─── THE DATA
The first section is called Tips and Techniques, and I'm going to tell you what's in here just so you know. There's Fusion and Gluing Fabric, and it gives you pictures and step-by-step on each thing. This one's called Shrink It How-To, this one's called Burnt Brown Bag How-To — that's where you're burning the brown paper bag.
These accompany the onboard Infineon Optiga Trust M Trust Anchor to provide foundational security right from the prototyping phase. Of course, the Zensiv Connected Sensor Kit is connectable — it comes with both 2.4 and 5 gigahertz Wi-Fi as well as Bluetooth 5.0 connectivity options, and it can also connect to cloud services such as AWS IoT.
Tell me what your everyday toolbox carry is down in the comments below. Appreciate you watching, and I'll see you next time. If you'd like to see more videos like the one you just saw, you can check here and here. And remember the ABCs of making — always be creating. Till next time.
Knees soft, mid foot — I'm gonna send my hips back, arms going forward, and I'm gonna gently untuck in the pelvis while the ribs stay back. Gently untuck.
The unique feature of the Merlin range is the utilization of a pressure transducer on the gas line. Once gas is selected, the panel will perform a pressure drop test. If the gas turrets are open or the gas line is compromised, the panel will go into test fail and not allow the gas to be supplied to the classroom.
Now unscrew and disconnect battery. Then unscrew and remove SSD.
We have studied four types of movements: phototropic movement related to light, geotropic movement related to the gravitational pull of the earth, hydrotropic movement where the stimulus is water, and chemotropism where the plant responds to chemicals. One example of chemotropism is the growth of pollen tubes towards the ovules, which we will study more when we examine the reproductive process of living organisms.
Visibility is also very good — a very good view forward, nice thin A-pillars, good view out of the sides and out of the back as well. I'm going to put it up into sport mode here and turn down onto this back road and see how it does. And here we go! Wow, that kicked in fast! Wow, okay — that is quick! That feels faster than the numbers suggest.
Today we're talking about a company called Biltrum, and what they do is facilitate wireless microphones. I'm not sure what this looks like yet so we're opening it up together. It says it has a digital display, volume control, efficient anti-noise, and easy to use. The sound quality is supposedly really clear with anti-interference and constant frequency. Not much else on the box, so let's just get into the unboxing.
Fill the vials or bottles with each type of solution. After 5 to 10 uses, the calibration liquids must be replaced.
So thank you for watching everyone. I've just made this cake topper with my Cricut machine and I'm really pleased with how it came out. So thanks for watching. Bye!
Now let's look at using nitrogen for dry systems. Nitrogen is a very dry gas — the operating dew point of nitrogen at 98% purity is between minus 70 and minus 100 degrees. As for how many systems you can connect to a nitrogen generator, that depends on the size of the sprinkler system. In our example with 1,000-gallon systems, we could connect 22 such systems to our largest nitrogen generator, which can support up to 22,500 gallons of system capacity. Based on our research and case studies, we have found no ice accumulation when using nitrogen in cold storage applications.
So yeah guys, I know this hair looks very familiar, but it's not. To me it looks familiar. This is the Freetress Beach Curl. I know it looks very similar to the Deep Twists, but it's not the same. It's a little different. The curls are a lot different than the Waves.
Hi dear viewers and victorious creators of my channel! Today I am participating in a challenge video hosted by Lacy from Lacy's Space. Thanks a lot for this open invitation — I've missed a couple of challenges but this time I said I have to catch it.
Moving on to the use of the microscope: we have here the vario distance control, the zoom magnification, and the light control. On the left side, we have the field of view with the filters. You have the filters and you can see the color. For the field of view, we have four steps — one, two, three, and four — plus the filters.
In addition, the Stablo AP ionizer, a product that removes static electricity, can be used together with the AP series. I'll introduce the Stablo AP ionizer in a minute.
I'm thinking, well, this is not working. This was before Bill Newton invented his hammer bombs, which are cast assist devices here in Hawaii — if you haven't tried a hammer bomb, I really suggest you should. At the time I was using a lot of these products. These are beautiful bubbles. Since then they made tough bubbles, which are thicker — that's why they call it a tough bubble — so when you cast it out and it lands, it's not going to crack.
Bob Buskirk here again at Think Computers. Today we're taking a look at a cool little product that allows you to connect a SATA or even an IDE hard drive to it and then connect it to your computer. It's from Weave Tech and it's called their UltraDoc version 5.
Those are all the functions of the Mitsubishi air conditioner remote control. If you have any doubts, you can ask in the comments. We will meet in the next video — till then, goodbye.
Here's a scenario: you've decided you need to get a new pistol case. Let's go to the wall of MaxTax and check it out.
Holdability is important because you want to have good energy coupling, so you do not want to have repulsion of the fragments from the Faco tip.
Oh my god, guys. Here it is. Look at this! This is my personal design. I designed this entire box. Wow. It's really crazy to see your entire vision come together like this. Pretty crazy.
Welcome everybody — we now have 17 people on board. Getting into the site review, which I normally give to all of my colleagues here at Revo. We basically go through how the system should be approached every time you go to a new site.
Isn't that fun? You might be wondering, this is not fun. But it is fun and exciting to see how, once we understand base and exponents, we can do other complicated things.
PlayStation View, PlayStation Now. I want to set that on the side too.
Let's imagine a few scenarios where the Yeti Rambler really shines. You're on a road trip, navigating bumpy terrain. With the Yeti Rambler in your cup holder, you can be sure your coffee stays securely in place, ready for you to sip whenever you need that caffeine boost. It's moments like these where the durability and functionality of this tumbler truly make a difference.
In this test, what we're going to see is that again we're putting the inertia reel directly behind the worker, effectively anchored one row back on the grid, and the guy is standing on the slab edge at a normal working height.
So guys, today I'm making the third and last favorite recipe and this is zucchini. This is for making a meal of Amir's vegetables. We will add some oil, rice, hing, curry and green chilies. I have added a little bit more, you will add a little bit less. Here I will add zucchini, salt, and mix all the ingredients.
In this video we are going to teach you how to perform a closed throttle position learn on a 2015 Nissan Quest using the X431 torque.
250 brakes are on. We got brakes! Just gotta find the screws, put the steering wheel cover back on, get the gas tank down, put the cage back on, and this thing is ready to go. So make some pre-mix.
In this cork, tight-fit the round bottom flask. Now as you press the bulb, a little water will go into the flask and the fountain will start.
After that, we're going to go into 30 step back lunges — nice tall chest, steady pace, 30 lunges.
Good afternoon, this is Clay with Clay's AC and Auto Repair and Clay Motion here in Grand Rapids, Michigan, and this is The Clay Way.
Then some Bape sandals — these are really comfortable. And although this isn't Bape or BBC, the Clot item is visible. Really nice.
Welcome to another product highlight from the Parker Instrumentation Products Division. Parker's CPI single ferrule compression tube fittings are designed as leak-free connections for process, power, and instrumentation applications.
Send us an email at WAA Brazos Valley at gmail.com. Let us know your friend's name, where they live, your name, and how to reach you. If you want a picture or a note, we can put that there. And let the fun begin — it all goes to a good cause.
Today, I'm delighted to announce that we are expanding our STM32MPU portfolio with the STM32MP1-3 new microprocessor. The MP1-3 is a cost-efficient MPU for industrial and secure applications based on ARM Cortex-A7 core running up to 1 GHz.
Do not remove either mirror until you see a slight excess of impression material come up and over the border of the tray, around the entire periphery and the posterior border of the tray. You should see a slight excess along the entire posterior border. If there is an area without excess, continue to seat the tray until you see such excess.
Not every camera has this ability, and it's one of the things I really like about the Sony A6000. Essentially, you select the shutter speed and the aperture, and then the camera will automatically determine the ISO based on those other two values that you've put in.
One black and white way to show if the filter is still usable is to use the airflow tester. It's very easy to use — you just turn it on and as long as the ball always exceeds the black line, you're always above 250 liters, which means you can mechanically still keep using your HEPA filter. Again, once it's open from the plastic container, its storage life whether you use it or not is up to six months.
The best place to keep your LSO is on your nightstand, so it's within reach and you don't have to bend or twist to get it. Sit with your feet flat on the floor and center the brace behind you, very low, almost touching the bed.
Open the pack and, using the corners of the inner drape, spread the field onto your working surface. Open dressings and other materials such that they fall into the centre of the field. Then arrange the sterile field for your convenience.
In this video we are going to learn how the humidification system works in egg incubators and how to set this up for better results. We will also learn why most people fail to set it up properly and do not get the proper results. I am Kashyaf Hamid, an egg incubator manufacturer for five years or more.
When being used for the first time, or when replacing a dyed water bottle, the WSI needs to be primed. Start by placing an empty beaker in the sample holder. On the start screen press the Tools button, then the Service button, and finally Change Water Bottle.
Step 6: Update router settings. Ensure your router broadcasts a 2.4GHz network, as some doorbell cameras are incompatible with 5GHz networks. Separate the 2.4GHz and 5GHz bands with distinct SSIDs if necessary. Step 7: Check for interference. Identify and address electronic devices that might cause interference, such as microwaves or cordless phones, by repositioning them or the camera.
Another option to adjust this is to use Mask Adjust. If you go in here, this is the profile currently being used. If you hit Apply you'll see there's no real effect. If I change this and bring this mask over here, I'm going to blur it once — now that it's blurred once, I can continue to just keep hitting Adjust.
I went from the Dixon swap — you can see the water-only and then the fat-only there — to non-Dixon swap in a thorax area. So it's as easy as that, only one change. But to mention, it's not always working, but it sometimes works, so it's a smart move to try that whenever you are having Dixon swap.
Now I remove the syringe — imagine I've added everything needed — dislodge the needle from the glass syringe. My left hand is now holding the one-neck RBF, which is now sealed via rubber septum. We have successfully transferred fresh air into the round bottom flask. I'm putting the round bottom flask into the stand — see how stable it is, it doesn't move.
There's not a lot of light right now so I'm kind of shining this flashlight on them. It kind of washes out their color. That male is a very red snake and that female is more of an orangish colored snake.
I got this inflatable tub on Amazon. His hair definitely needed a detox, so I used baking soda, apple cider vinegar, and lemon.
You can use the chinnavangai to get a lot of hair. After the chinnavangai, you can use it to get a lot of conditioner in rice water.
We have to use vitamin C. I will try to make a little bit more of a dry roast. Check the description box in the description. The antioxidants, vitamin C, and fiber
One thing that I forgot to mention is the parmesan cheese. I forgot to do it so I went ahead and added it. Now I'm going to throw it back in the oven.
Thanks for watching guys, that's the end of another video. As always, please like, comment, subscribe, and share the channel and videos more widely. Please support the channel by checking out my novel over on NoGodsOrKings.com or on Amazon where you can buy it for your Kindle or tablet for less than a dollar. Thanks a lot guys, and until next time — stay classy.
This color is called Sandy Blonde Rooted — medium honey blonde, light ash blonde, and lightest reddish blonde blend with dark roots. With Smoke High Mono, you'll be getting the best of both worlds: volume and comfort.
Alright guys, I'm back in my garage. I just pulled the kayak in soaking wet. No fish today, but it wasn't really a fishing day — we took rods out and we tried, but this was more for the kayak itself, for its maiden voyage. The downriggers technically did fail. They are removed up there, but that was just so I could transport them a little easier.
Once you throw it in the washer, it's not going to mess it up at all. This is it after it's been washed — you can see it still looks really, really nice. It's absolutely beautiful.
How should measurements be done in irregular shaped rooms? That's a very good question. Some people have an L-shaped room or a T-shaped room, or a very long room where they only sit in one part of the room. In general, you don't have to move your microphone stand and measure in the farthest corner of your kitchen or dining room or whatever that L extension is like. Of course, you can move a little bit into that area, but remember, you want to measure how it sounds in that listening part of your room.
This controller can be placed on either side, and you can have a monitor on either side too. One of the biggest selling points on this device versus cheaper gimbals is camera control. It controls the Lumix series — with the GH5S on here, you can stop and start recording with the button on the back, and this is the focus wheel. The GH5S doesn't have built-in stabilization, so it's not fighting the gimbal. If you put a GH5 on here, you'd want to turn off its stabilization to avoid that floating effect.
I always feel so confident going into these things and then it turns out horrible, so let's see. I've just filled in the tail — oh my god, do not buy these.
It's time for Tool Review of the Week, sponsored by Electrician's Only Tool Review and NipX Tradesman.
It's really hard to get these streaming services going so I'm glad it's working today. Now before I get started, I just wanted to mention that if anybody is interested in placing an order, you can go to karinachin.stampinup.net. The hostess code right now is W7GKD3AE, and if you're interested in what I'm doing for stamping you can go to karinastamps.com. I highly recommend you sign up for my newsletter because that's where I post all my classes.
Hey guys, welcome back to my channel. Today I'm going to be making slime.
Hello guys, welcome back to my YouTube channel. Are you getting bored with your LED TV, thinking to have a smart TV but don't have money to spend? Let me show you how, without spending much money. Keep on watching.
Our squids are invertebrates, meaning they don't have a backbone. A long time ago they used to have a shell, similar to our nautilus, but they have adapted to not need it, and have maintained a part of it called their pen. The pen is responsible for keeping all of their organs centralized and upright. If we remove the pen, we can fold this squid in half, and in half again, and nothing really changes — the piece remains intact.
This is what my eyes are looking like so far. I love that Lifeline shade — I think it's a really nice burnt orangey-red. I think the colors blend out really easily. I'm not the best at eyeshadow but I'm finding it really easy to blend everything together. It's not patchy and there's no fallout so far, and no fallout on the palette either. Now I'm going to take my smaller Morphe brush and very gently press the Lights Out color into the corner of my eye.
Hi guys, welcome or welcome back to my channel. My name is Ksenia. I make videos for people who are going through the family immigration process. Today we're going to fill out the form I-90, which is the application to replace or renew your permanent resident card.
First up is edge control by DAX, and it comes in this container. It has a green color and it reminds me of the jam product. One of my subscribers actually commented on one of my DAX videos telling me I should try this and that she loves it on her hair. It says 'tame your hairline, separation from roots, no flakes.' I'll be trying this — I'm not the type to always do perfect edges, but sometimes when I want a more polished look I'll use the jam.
──────
PROBLEM REQUIREMENTS
Return all lines of the material that have "needed" in them.

ANSWER
Now I remove the syringe — imagine I've added everything needed — dislodge the needle from the glass syringe. My left hand is now holding the one-neck RBF, which is now sealed via rubber septum. We have successfully transferred fresh air into the round bottom flask. I'm putting the round bottom flask into the stand — see how stable it is, it doesn't move.
I got this inflatable tub on Amazon. His hair definitely needed a detox, so I used baking soda, apple cider vinegar, and lemon.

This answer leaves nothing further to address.